Unfortunately, I don't have such platform to test it.
>
> I haven't had time to look at this in detail, but presumably the
> problem is that we're no longer getting huge pages from our
> private tmpfs mount (done in i915_gemfs_init()).
IIUC, the i915 driver still limits the maximum write size to PAGE_SIZE
in the shmem_pwrite(), which prevents tmpfs from allocating large
folios.
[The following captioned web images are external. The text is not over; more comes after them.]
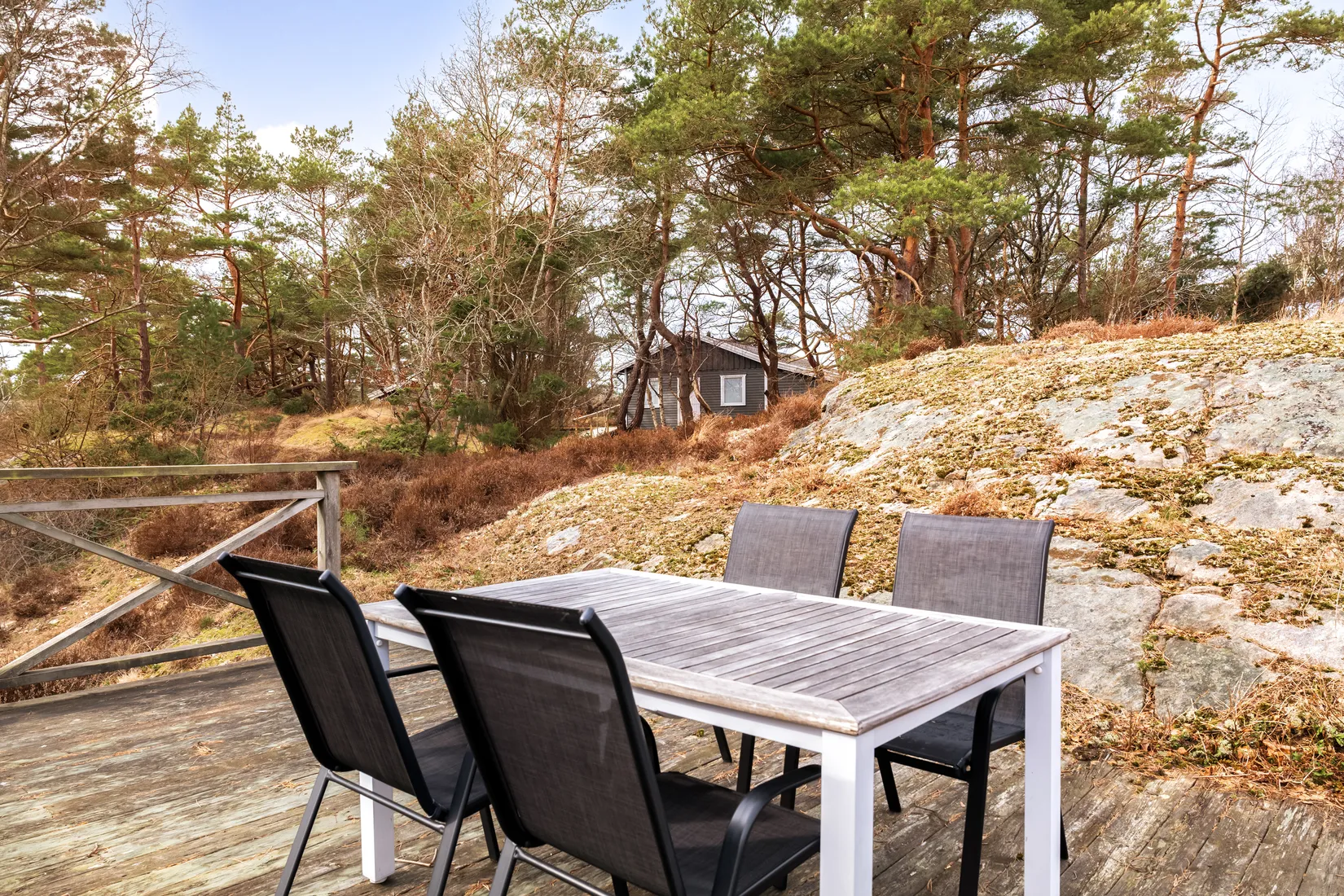 Villa, Skogsborg 94, Skogsborg/Kyrkesund, Tjörn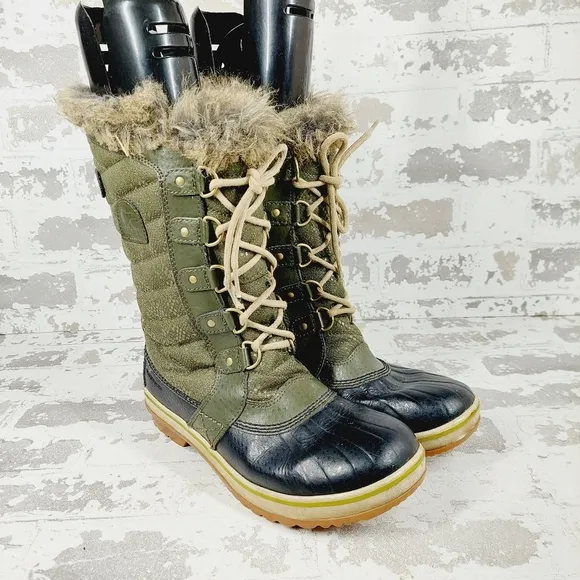 Sorel Green Black Duck Lace Up Faux Fur Winter Boots H781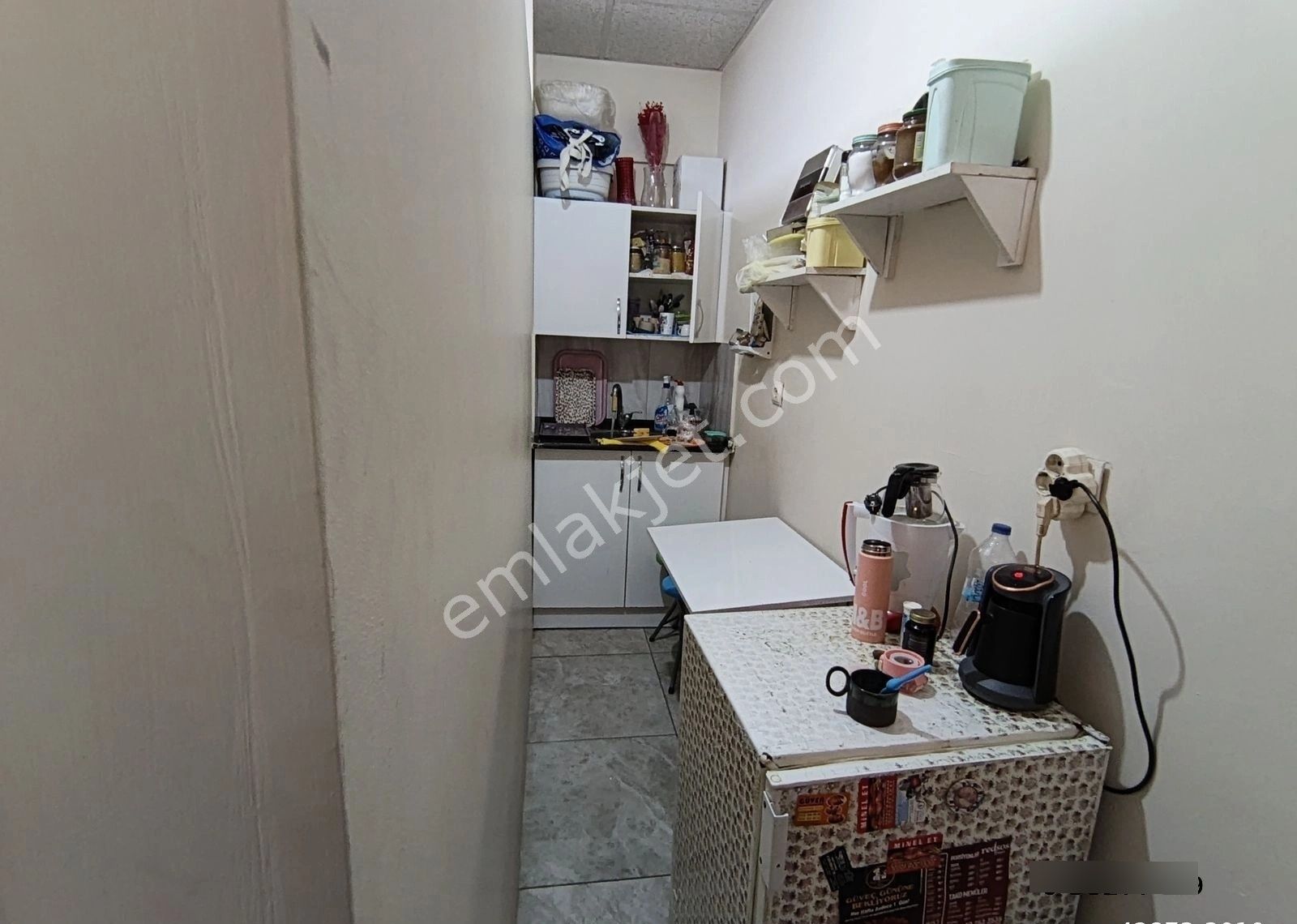 Karşıyaka Bostanlı'da Köşe 50 M2 Kiralık Dükkan - Görsel 3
As mentioned in the comments below, tmpfs like other file
systems that support large folios, will allow getting a highest order
hint based on the size of the write and fallocate paths, and then will
attempt each allowable huge order.
Therefore, I think the shmem_pwrite() function should be changed to
remove the limitation that the write size cannot exceed PAGE_SIZE.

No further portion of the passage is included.